Increased levels of mtDNA nicks in mutator mouse cell lines
Our studies demonstrated that mutations that change the exonuclease activity of POLγ impair ligation in vitro. To investigate whether these problems could also be detected in vivo, we used mouse embryonic fibroblasts (MEFs) derived from the mutator mouse. These homozygous knock-in mice express EXO- (D257A) in place of WT POLγ. If EXO- POLγ produces 5′-flaps and impairs ligation in vivo, we would expect to observe higher levels of nicked mtDNA in these animals. To address this possibility, we analysed genomic DNA isolated from WT and mutator MEFs by agarose gel electrophoresis and Southern blotting. The gel analysis was performed in the presence or the absence of ethidium bromide (EtBr) to differentiate between nicked and closed circular dsDNA molecules. In the absence of EtBr in the agarose gel, full-length mtDNA from WT and mutator cells migrated as a single band of equal size. As expected, DNA isolated from mutator cells also contained a shorter, linear DNA fragment, which was only detected with the probe against the major arc of mtDNA (Fig. 5a). In the presence of EtBr, full-length mtDNA could be separated into closed or nicked circles, which are unable to form supercoils in the presence of EtBr. Whereas a majority of mtDNA molecules isolated from WT cells were in the closed conformation, the opposite was true for mtDNA isolated from mutator cells, which mostly contained nicked circles. As controls, to verify the migration pattern of closed and nicked forms of mtDNA, the DNA was cut with different restriction enzymes (Supplementary Fig. 5). We could thus conclude that exonuclease-deficient POLγ causes the formation of nicks in vivo.
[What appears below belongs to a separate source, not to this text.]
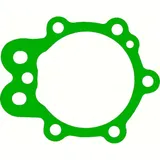 cylinder base gasket compare no. 1402-080 for: Moto Guzzi cylinder base gasket compare no. 1402-080 for: Moto Guzzi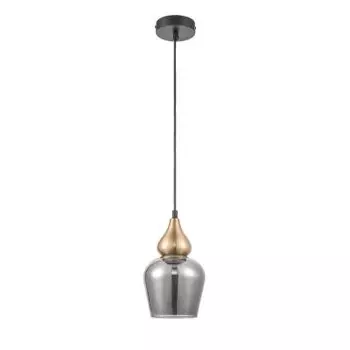 Подвесной светильник Vele Luce vl5564p21 simone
(a) MtDNA was analysed on a 0.4% agarose gel in the absence (left panel) or the presence (right panel) of EtBr. The presence of EtBr in the agarose gel facilitates differentiation between nicked and closed circular dsDNA molecules. The mtDNA was detected by Southern blotting using probes against the major or minor arc. Results were confirmed three times with two independent batches of genomic DNA preparations. (b) A schematic representation of the PCR template including the D-loop region. Arrows and black bars show the PCR amplification regions. (c) The relative ratio of DNA copies of H-/L-strands in WT and mutator (EXO-) mice. Asterisks represent significant differences compared with WT (n=3; *P≤0.05, Student’s t-test). (d) Model of mtDNA linear deletion formation. Failure to ligate at OriH leads to a nick in the H-strand (left panel). The nick does not inhibit initiation of a new round of replication from OriH, as the intact L-strand is used as template for H-strand synthesis. DNA synthesis initiated at OriH may therefore continue full circle and create a new DNA molecule with a nick at OriH (right upper panel). In contrast, DNA synthesis initiated at OriL will result in linear, deleted fragments. In this later case, L-strand DNA synthesis will initiate from OriL and use the H-strand as template. DNA synthesis will reach the nick near OriH and a double-strand break will be formed. The molecule formed will also contain an unstable ssDNA region that will be degraded, leaving a linear double-stranded product spanning the major arc (right lower panel). Failure to ligate at OriH will thus result in the same round of replication generating two different replication products; a circular, nicked mtDNA and a linear, deleted fragment spanning OriH and OriL. Solid back line, H-strand; dashed black line, nascent H-strand; solid red line, L-strand; dashed red line, nascent L-strand.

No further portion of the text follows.